* _Task goal_: A faithful repeat of all the records, with no image kept, is the required answer.

--

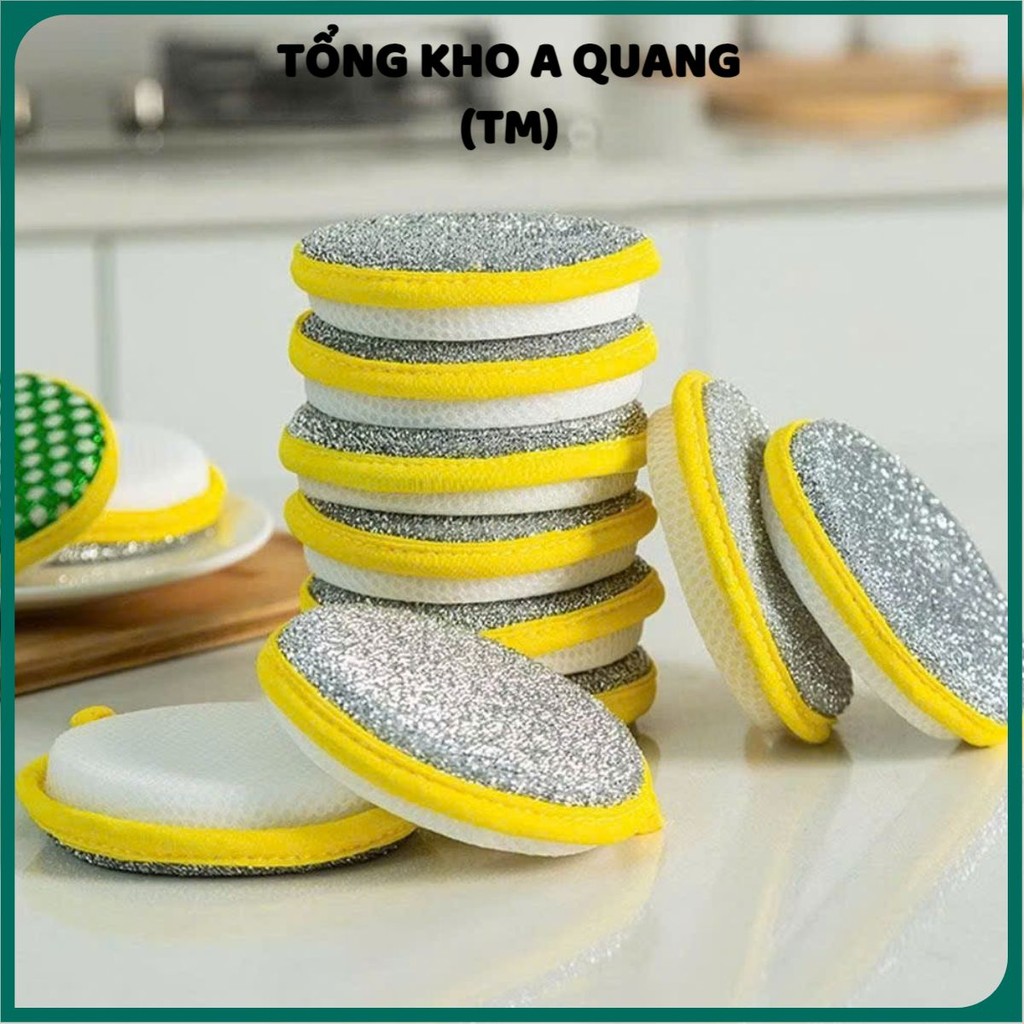 [COMBO 10] Miếng Rửa Chén Bát 2 Mặt, Miếng Chà Xoong Nồi Chảo, Dụng Cụ Vệ Sinh Nhà Bếp,  MIẾNG CHÀ RỬA BÁT - MIENGRUA67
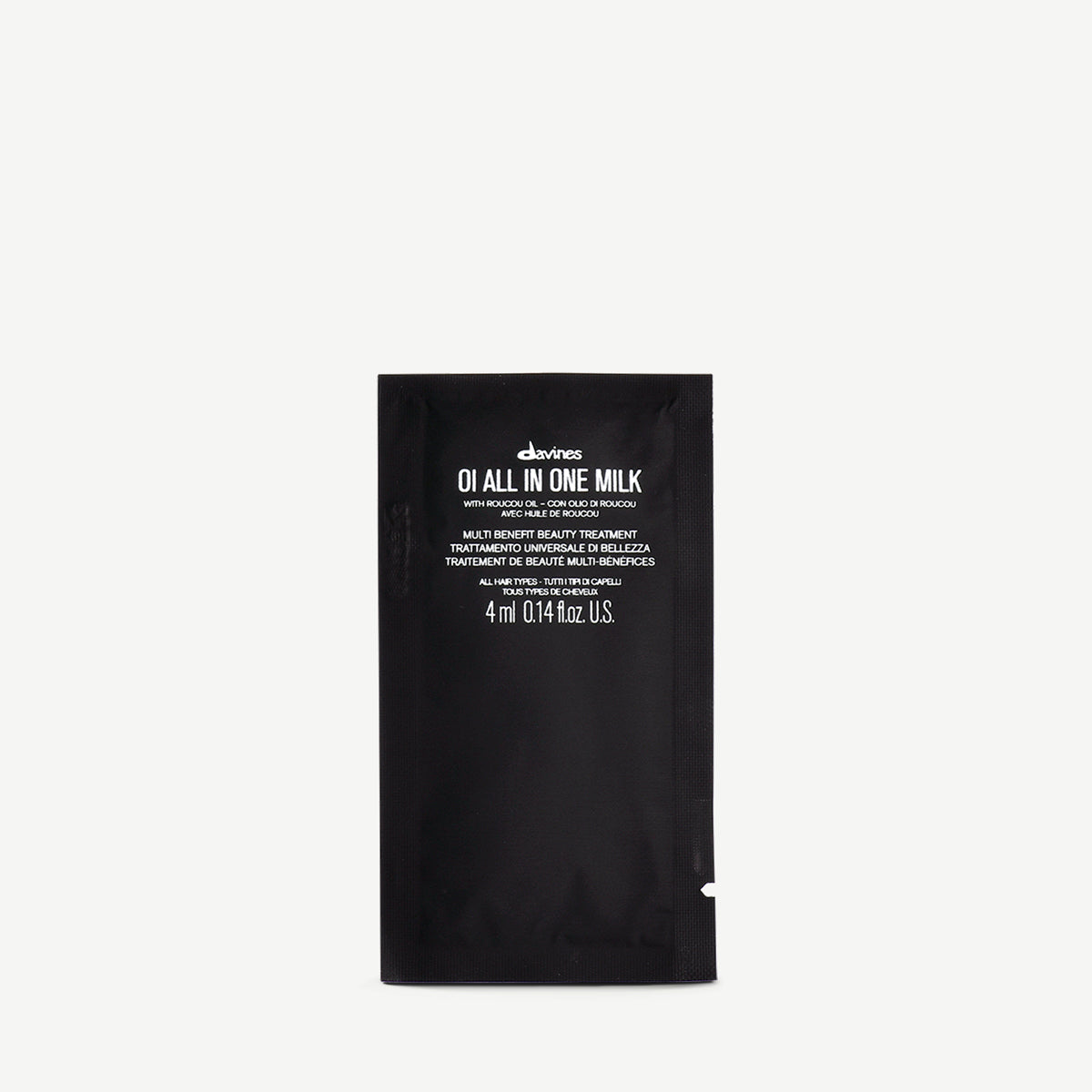 Apporte discipline et brillance - OI All In One Milk 4ml Spray démêlant pour cheveux, sans rinçage et multifonctions à la texture lactée pour tout type de cheveux Davines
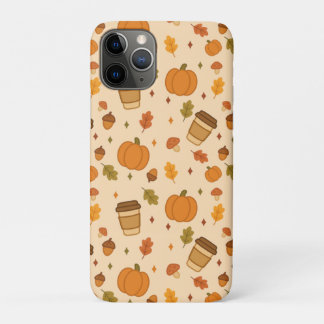 Capa Para iPhone 11 Pro Autumn Coffee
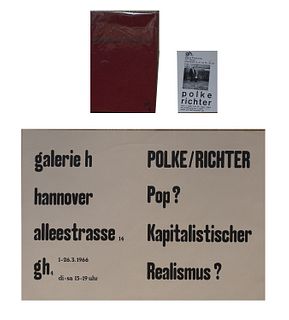 Richter, Gerhard<br><br>Polke / RichterHannover, Editions CR: 3, 1966, 23.9 cm x 15.9 cm, paperback, pp. [20].
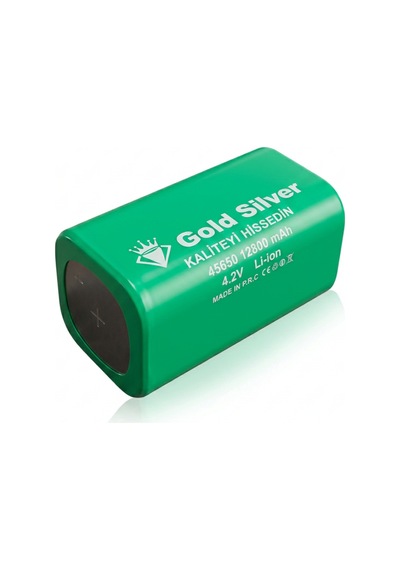 Gold Silver 45650 Li-ion Pil 12800 Mah 4.2v Şarj Edilebilir Yüksek Kapasiteli Pil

--

* _Exercise output_:
 [COMBO 10] Miếng Rửa Chén Bát 2 Mặt, Miếng Chà Xoong Nồi Chảo, Dụng Cụ Vệ Sinh Nhà Bếp,  MIẾNG CHÀ RỬA BÁT - MIENGRUA67
 Apporte discipline et brillance - OI All In One Milk 4ml Spray démêlant pour cheveux, sans rinçage et multifonctions à la texture lactée pour tout type de cheveux Davines
 Capa Para iPhone 11 Pro Autumn Coffee
 Richter, Gerhard<br><br>Polke / RichterHannover, Editions CR: 3, 1966, 23.9 cm x 15.9 cm, paperback, pp. [20].
 Gold Silver 45650 Li-ion Pil 12800 Mah 4.2v Şarj Edilebilir Yüksek Kapasiteli Pil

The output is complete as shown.